Where should I start with Andrew Ross Sorkin?

Too Big to Fail (2009) is Sorkin's essential book — the most comprehensive account of the 2008 financial crisis, reconstructed from extraordinary access to virtually every major participant: Treasury Secretary Hank Paulson, Fed Chairman Ben Bernanke, the CEOs of the major banks, and the regulators who spent September 2008 trying to prevent a second Great Depression. The definitive narrative companion to The Big Short's analytical account.

What is Too Big to Fail about?

Too Big to Fail covers the 2008 financial crisis from the collapse of Bear Stearns in March 2008 through the Lehman Brothers bankruptcy, the AIG bailout, and the passage of TARP in the autumn. Sorkin reconstructs the crisis hour by hour and day by day — the weekend meetings, the boardroom arguments, the phone calls — drawing on interviews with the major participants to produce a novelistic account of the most significant financial event since 1929.

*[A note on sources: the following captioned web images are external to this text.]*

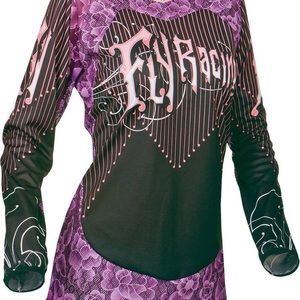 FLY Racing Motocross Women’s Nitro Circus Print!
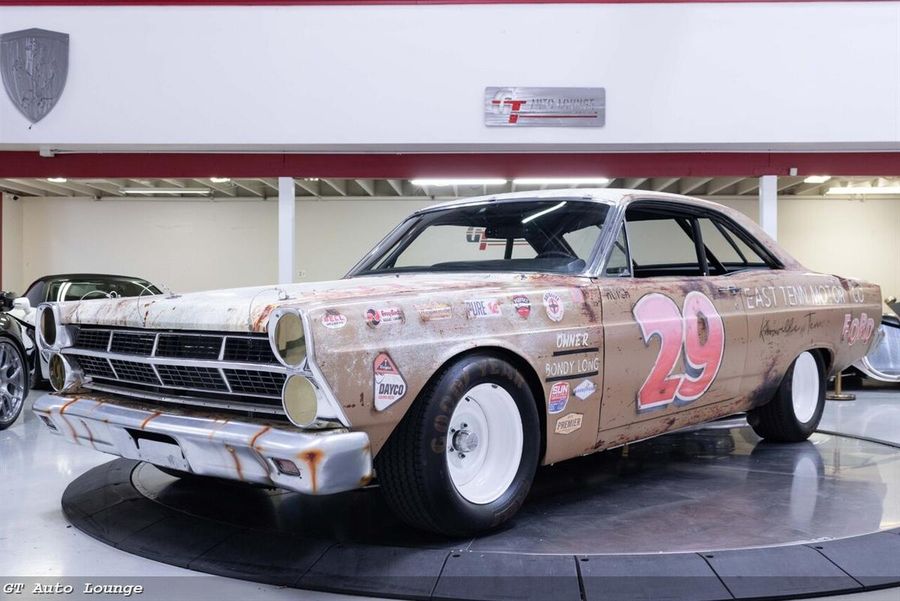 1967 Ford Fairlane NASCAR Tribute #2524838 | Hemmings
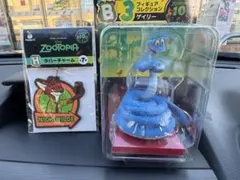 ズートピア　一番くじ　B賞　ゲイリー&h賞のサムネイル
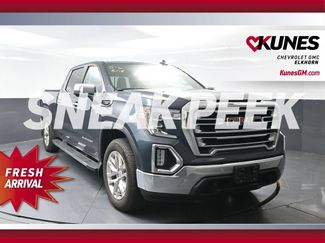 Used 2022 GMC Sierra 1500 SLT w/ SLT Premium Plus Package AWD/4WD video 1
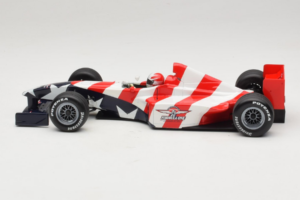 Formula 1 Showcar United States Grand Prix Indianapolis 2000 Minichamps 1:18 F001 Druckguss — Bild 3 von 6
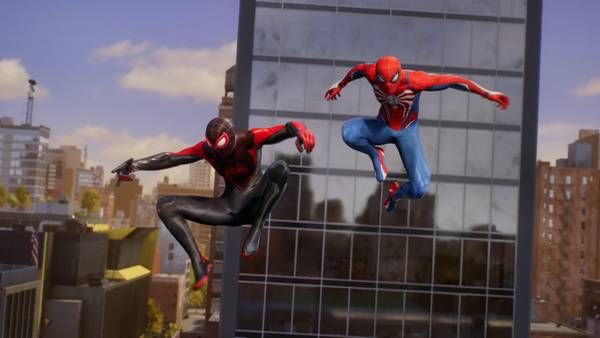 Tecnologia e artigianalità nei sistemi di scansione 3D per Marvel's Spider-Man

Is Too Big to Fail one-sided in its portrayal of the crisis?

Too Big to Fail is closer to the participants than to their critics, and Sorkin does not fully engage with the structural causes of the crisis or the question of whether the bailouts were the right response. The book excels at the inside narrative — what it felt like to be in those rooms, what decisions were made and why — and is less analytical about the systemic forces that produced the crisis. Michael Lewis's The Big Short provides the analytical counterpart.

What should I read after Too Big to Fail?

After Too Big to Fail, Michael Lewis's The Big Short covers the same crisis from the perspective of the people who bet against the housing market and saw the collapse coming — more analytical and wittier, less inside-the-room. Ben Bernanke's The Courage to Act is the Fed chairman's own account of the decisions he made. Roger Lowenstein's When Genius Failed covers the 1998 LTCM crisis as a precursor with comparable narrative detail.